Git Product home page Git Product logo

odm-platform's Introduction

Open Data Mesh Platform

Build Release

Open Data Mesh Platform is a platform that manages the full lifecycle of a data product from deployment to retirement. It uses the Data Product Descriptor Specification to create, deploy and operate data product containers in a mesh architecture.

Run it

Prerequisites

The project requires the following dependencies:

  • Java 11
  • Maven 3.8.6

Run locally

Clone repository

Clone the repository and move to the project root folder

git clone [email protected]:opendatamesh-initiative/odm-platform.git
cd odm-platform

Compile project

First, in order to correctly download external Maven dependencies from GitHub Packages, you need to configure the Maven settings.xml file with your GitHub credentials. The GITHUB TOKEN must have read:packages permissions.

<settings>
    <servers>
        <server>
            <id>github</id>
            <username>GITHUB USERNAME</username>
            <password>GITHUB TOKEN</password>
        </server>
    </servers>
</settings>

The settings.xml file is in the ~/.m2 directory.

For additional information, see "How to install an Apache Maven package from GitHub Packages".

Then run:

mvn clean install -DskipTests

Run application

Run the application:

java -jar registry-server/target/odm-platform-pp-registry-server-1.0.0.jar

*version could be greater than 1.0.0, check on parent POM

Stop application

To stop the application type CTRL+C or just close the shell. To start it again re-execute the following command:

java -jar registry-server/target/odm-platform-pp-registry-server-1.0.0.jar

Note: The application run in this way uses an in-memory instance of the H2 database. For this reason, the data is lost every time the application is terminated.

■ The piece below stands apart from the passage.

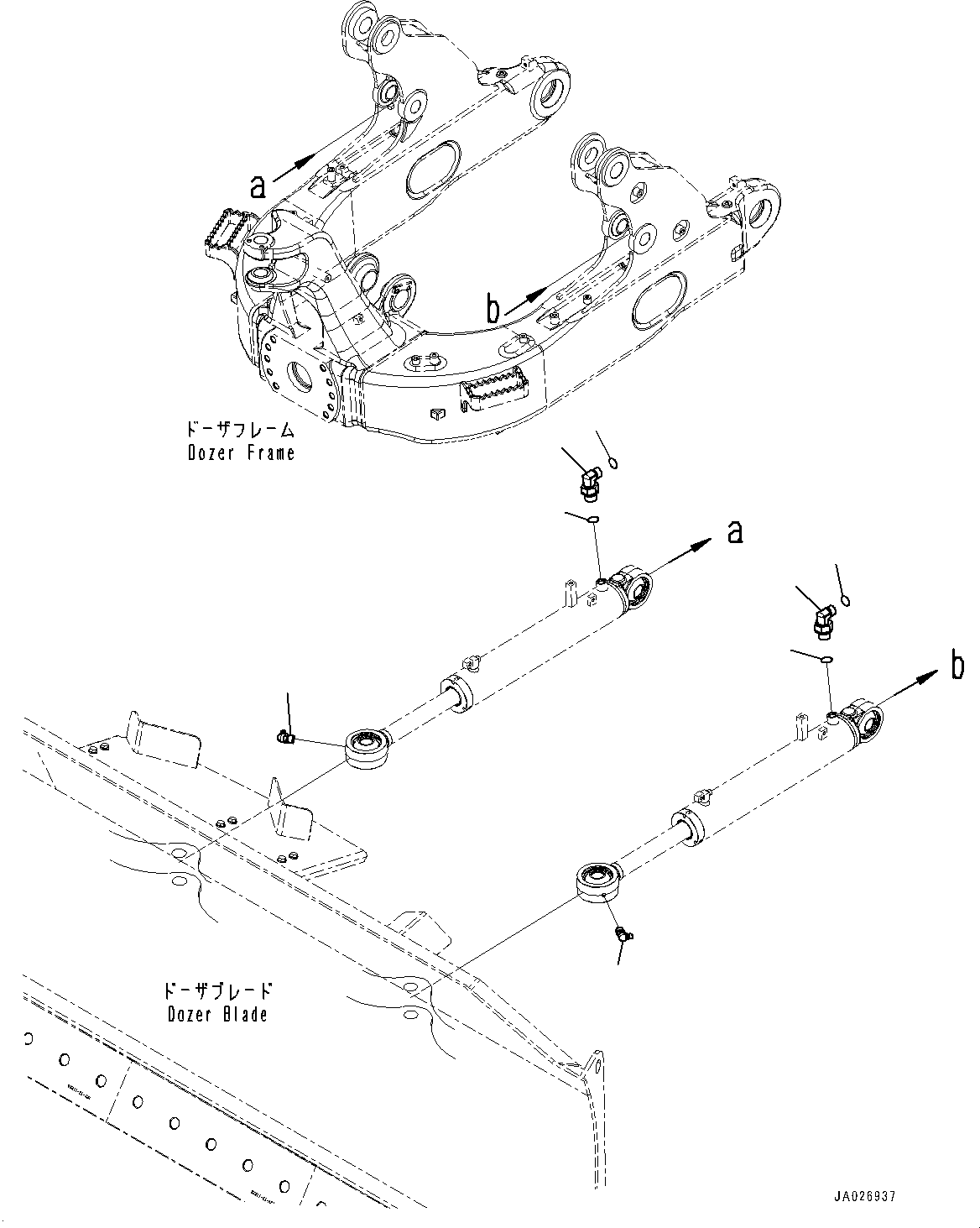 Bulldozers Komatsu / D51EX-24 S/N 10001-UP(0001119C) / Dozer Blade Angle Cylinder, Elbow (#10001-)(T008002 : T2153-001002)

On the next restart, the database is recreated from scratch.

Run with Docker

Clone repository

Clone the repository and move it to the project root folder

git clone [email protected]:opendatamesh-initiative/odm-platform.git
cd odm-platform

Here you can find the Dockerfile which creates an image containing the application by directly copying it from the build executed locally (i.e. from target folder).

Compile project

First, in order to correctly download external Maven dependencies from GitHub Packages, you need to configure the Maven settings.xml file with your GitHub credentials. The GITHUB TOKEN must have read:packages permissions.

<settings>
    <servers>
        <server>
            <id>github</id>
            <username>GITHUB USERNAME</username>
            <password>GITHUB TOKEN</password>
        </server>
    </servers>
</settings>

The settings.xml file is in the ~/.m2 directory.

For additional information, see "How to install an Apache Maven package from GitHub Packages".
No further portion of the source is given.